US Coast Guard Icebreaker Sails in Proximity to Russia’s Northern Sea Route
A US science mission has taken Coast Guard icebreaker Healy into the East Siberian Sea in proximity to cargo vessels transiting Russia’s Arctic waters. Automatic Identification System data suggest the vessel has entered what Russia considers the waters of its Northern Sea Route, though experts caution that it is too early to draw conclusions.
Article originally published by High North News
The US Coast Guard icebreaker Healy finds itself in unfamiliar waters as it becomes the first US government surface ship to venture into proximity of Russia’s Northern Sea Route (NSR) in the East Siberian Sea in several decades.
Based on Russia’s definition of the NSR boundary and the ship’s location on 3 September 2023, it may have entered the route’s waters, though experts caution that precise locations can be difficult to determine at high latitudes.
The vessel is servicing probes of the Nansen and Amundsen Basins Observational System (NABOS).

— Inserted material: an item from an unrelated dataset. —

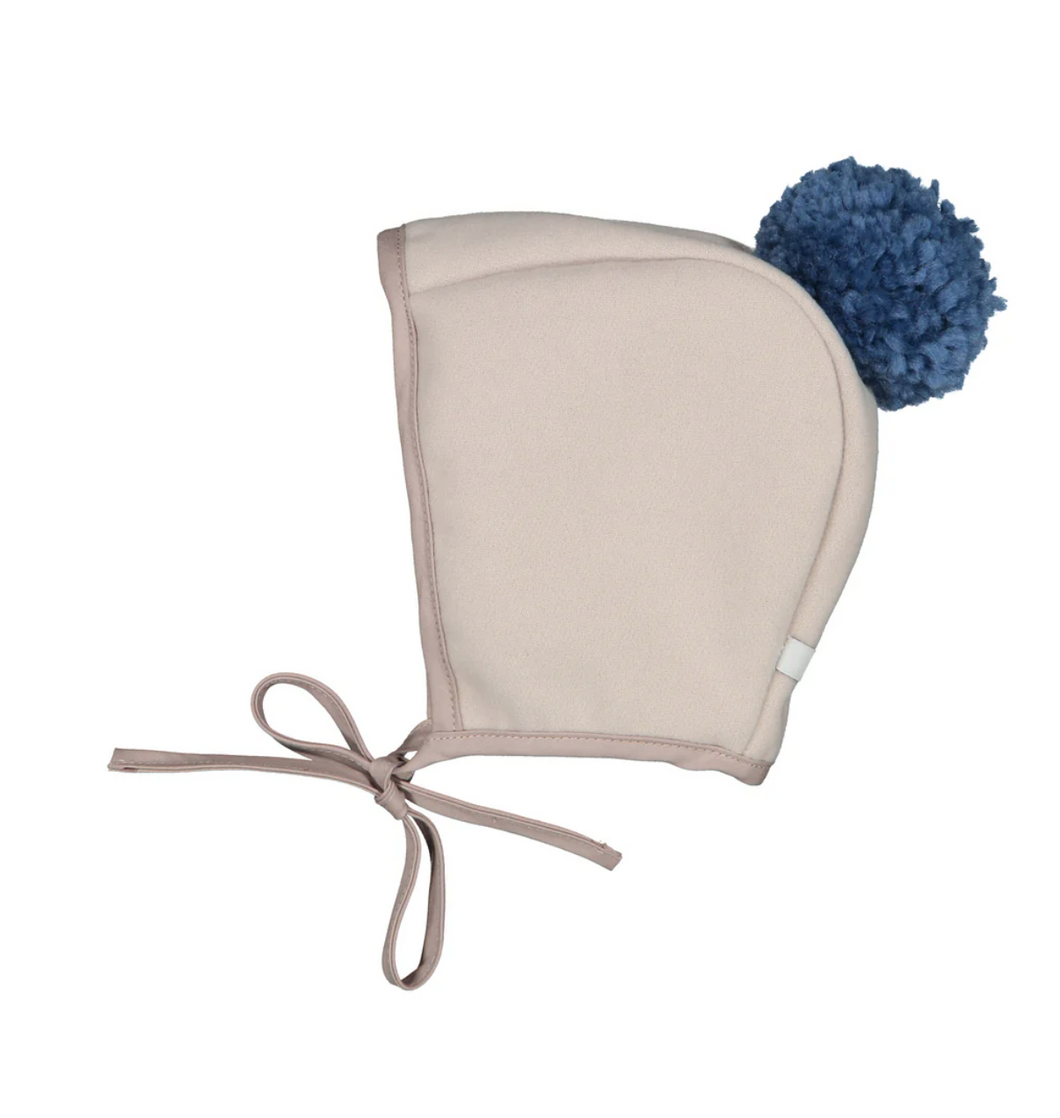 Plush beige bonnet with blue bobble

Its month-long mission takes it across the East Siberian Sea and Eurasian Basin to recover, service, and deploy nine long-term subsurface mooring arrays.
Russia claims control over NSR
Russia has established regulatory control over the route requiring ships planning to use the route to apply and receive permits to enter its waters. It also specifies ice-class requirements depending on sea ice conditions and navigation season.

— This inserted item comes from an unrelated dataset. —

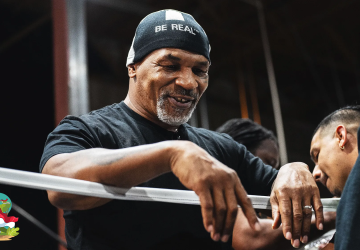 Mike Tyson: Legenda Tinju Dunia dengan Perjalanan Karier Fenomenal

Icebreakers conducting scientific missions from other nations, such as China and Germany, have routinely followed Russia’s established procedures and applied for NSR permits. China’s Xue Long conducted a transit in 2017 followed by Germany’s Polarstern in 2019.

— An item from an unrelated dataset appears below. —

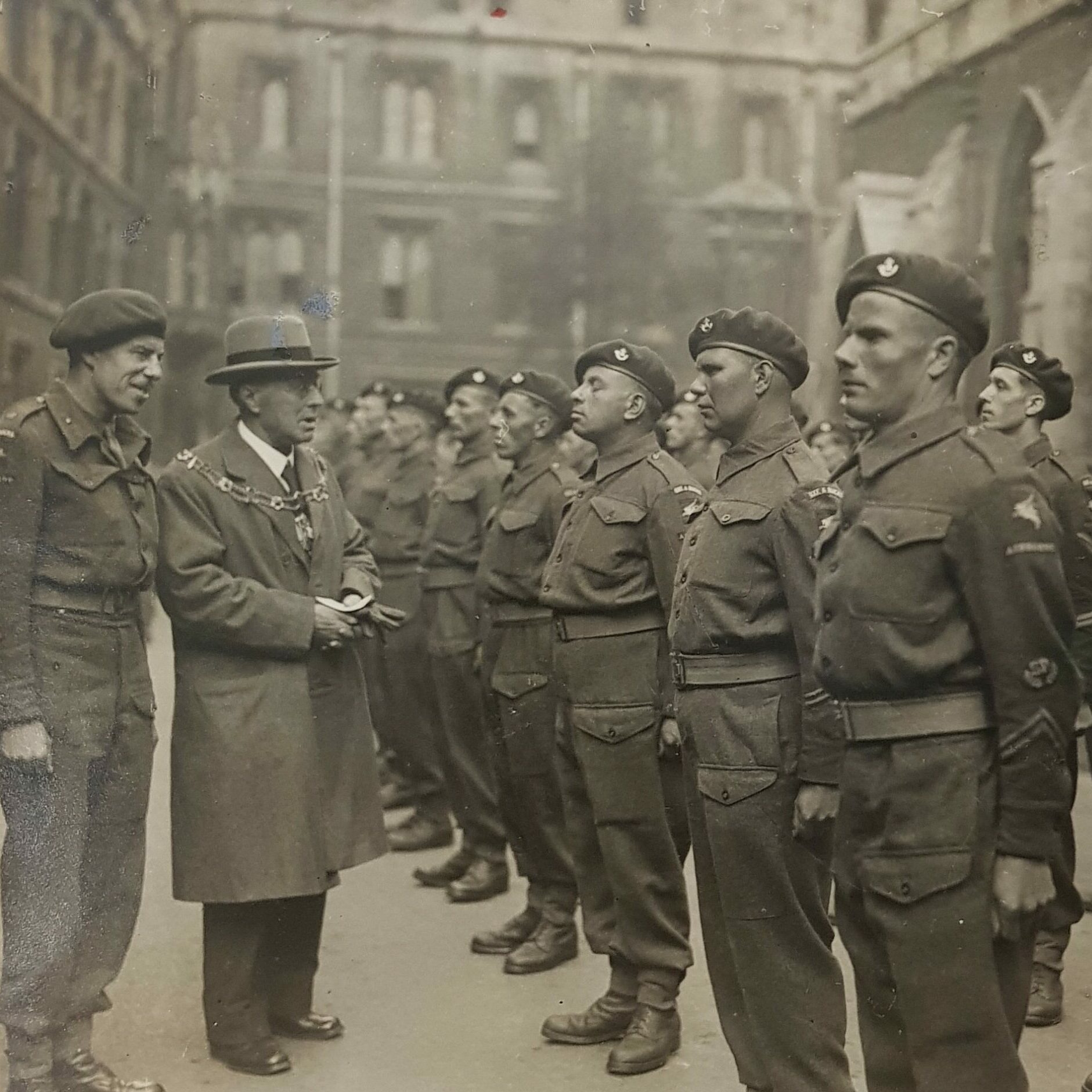 2FMajor-John-Howard-with-soldiers-of-2nd-Battalion-Oxfordshire-and-Buckinghamshire-Light-Infantry-during-Oxford-Salute-the-Soldier-celebration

According to the route’s administrator, Rosatom, the Coast Guard’s Healy has not applied or been granted a permit for the NSR.
However, as a government vessel Healy may be exempt from requiring a permit, as long as it stays outside areas claimed by Russia as internal waters, explains Rebecca Pincus, Director of the Polar Institute at the Wilson Center, a think tank.
If Healy were to travel along the route along internal waters without permit it would challenge Russia’s regulatory regime of these waters.
Such an event could under certain circumstances constitute a Freedom of Navigation Operation (FONOP) under international maritime law, which the US routinely conducts e.g. in the South China Sea.
“Russia has recently tightened restrictions on warships operating in internal waters (including the four straits of the NSR), so if Healy went into one of those areas, then we might be looking at a FONOP,” Pincus elaborates.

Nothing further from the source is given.